Assignment: Beneath this line is the data. Output exactly the lines from the line with "Hi guys, my" to the line with "The Oppo Reno", both ends included, and nothing more.

Data records:
*** Begin section ***

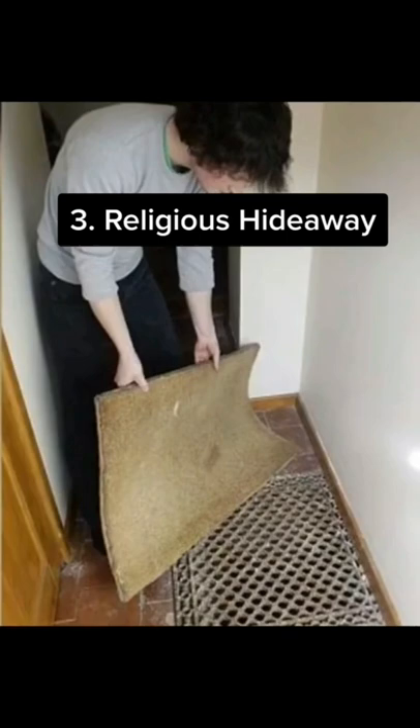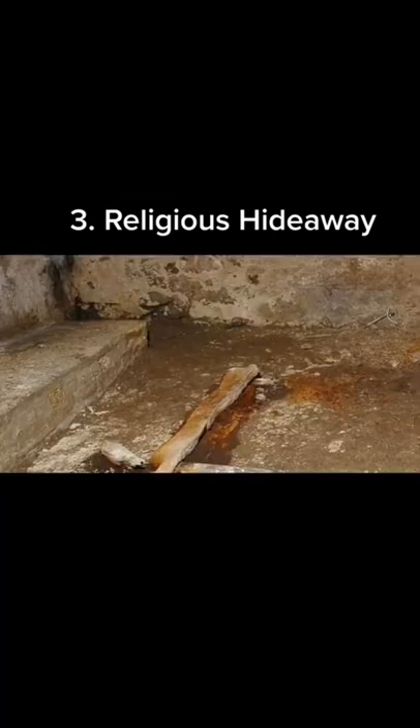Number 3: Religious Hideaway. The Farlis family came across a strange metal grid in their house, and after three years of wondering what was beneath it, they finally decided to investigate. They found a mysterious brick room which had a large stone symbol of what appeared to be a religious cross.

*** End section ***
*** Begin section ***

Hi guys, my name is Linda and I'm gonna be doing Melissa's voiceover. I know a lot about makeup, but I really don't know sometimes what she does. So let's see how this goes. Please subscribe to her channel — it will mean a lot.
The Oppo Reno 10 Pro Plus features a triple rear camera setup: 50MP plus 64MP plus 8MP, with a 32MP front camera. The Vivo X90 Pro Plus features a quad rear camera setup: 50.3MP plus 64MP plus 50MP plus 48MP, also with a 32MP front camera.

*** End section ***

Solution to the problem:
Hi guys, my name is Linda and I'm gonna be doing Melissa's voiceover. I know a lot about makeup, but I really don't know sometimes what she does. So let's see how this goes. Please subscribe to her channel — it will mean a lot.
The Oppo Reno 10 Pro Plus features a triple rear camera setup: 50MP plus 64MP plus 8MP, with a 32MP front camera. The Vivo X90 Pro Plus features a quad rear camera setup: 50.3MP plus 64MP plus 50MP plus 48MP, also with a 32MP front camera.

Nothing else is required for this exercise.